+++ RECORDS TO USE +++

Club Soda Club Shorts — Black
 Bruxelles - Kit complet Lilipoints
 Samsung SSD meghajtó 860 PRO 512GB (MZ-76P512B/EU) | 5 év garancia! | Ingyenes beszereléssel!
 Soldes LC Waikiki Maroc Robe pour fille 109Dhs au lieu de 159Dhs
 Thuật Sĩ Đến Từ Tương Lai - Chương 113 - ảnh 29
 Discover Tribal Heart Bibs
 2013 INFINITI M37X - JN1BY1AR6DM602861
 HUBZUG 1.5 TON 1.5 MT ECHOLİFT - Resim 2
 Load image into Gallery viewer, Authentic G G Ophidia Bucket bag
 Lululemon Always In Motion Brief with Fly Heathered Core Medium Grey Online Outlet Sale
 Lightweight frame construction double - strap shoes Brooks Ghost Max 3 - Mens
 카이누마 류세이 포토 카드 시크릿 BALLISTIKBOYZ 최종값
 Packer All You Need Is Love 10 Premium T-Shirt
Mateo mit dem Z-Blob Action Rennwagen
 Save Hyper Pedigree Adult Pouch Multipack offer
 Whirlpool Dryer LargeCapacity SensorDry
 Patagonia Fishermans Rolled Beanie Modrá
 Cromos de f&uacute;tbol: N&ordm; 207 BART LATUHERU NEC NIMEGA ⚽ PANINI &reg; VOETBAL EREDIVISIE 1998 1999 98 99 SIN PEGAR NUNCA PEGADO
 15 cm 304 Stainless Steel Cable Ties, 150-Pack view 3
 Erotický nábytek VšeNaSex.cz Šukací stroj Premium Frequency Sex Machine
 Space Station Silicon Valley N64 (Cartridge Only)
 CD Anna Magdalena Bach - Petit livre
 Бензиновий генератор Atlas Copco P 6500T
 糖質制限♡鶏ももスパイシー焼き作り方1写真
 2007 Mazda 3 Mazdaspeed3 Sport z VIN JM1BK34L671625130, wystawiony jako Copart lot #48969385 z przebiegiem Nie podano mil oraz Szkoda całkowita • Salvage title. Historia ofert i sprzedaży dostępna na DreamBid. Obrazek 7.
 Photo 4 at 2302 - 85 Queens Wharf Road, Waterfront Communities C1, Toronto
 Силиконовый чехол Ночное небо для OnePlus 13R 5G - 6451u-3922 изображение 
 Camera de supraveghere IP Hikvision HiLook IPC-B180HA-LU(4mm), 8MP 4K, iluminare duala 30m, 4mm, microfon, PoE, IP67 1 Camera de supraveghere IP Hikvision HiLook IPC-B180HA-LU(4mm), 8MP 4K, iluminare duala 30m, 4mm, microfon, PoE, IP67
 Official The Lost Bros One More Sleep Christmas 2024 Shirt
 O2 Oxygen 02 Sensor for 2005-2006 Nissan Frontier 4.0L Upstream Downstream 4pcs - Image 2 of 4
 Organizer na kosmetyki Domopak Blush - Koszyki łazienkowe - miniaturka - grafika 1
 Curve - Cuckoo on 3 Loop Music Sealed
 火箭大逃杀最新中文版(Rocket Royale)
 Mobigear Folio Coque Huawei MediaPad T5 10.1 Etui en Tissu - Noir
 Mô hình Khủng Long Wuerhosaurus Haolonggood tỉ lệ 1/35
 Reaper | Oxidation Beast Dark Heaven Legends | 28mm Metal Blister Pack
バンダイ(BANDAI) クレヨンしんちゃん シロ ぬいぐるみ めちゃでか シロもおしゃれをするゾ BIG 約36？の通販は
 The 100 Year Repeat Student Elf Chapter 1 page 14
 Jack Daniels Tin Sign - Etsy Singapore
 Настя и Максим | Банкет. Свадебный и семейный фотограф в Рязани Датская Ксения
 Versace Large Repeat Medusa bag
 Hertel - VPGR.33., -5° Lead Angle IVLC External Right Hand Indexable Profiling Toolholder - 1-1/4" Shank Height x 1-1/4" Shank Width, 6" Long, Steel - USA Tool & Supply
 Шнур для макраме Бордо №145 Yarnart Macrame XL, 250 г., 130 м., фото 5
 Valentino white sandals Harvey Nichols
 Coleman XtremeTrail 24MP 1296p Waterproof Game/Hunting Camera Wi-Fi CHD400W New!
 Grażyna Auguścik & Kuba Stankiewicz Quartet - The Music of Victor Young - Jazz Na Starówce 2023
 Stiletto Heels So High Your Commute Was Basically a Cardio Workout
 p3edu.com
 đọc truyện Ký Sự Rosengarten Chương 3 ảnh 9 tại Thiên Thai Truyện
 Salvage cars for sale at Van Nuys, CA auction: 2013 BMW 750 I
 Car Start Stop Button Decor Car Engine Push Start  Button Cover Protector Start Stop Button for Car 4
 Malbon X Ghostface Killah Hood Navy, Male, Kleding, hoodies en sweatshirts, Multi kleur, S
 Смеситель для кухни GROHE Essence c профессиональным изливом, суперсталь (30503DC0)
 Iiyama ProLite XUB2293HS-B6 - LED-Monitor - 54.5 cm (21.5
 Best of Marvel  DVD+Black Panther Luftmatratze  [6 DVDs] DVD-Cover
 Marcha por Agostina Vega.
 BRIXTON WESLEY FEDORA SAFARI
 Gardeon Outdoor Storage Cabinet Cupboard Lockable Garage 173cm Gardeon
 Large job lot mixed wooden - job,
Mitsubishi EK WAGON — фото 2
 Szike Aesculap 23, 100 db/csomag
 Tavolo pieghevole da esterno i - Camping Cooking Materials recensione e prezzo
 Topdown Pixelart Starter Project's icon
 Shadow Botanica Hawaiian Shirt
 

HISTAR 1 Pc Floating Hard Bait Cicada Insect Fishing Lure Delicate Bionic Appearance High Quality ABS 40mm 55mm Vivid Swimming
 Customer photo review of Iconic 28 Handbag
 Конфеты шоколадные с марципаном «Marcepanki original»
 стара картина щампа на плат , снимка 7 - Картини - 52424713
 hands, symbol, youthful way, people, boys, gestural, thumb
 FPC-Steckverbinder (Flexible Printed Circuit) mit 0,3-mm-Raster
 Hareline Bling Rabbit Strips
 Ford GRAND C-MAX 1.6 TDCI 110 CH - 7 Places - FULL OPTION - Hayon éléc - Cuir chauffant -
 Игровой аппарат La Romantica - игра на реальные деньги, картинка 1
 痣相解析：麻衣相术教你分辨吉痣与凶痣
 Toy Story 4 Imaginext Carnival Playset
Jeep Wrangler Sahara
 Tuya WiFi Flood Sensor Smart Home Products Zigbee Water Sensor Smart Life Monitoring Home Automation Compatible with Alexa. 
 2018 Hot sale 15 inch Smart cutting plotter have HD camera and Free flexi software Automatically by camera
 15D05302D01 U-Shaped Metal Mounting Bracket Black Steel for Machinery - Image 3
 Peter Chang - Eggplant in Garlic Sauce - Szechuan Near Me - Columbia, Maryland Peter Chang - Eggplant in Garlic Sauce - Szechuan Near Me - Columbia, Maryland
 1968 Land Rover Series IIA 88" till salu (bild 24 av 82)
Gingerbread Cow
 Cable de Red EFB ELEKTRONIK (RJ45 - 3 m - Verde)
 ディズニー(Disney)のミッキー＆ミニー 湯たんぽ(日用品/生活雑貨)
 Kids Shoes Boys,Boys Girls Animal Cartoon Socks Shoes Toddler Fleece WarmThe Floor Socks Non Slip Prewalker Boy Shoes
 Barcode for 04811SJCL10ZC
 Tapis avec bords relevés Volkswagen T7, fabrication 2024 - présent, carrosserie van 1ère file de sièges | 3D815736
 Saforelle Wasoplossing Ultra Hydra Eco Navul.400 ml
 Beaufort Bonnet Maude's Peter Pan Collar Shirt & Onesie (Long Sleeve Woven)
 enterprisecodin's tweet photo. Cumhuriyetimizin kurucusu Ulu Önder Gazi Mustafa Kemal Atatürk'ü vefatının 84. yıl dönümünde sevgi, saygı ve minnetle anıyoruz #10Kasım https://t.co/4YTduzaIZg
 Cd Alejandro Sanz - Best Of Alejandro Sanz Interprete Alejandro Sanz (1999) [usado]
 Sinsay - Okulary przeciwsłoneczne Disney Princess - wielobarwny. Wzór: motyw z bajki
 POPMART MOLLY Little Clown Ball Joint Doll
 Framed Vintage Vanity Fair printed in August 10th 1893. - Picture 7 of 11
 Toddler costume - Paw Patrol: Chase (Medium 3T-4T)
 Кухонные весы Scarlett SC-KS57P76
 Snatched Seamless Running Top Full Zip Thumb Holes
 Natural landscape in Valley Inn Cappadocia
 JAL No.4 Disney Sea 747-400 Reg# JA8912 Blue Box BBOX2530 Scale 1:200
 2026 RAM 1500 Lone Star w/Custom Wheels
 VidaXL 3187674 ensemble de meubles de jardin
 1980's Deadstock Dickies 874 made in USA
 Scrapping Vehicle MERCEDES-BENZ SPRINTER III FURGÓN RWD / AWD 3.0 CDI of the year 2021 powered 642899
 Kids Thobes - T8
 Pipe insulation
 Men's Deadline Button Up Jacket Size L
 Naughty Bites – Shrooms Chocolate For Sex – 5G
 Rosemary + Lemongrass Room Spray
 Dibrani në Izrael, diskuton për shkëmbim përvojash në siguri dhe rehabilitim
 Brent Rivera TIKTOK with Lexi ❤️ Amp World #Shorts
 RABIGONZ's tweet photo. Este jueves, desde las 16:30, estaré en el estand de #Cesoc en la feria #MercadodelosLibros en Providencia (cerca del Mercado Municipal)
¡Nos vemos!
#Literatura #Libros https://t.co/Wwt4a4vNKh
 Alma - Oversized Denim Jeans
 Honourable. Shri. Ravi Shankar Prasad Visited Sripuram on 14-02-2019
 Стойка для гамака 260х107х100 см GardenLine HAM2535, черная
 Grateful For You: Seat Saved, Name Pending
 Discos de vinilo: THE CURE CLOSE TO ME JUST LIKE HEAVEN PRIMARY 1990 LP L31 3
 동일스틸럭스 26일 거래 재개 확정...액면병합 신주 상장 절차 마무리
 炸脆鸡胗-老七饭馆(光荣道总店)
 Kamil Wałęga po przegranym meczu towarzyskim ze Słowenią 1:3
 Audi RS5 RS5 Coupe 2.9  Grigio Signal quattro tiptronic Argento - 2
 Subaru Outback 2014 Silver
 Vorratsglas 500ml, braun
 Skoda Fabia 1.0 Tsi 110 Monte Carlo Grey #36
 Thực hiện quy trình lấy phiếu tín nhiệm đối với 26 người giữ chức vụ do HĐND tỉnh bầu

+++

▶ _TASK REQUIREMENTS_:
In the entries above, find every line with the word "Salvage" and list it.

▶ _EXPECTED OUTPUT_:
 2007 Mazda 3 Mazdaspeed3 Sport z VIN JM1BK34L671625130, wystawiony jako Copart lot #48969385 z przebiegiem Nie podano mil oraz Szkoda całkowita • Salvage title. Historia ofert i sprzedaży dostępna na DreamBid. Obrazek 7.
 Salvage cars for sale at Van Nuys, CA auction: 2013 BMW 750 I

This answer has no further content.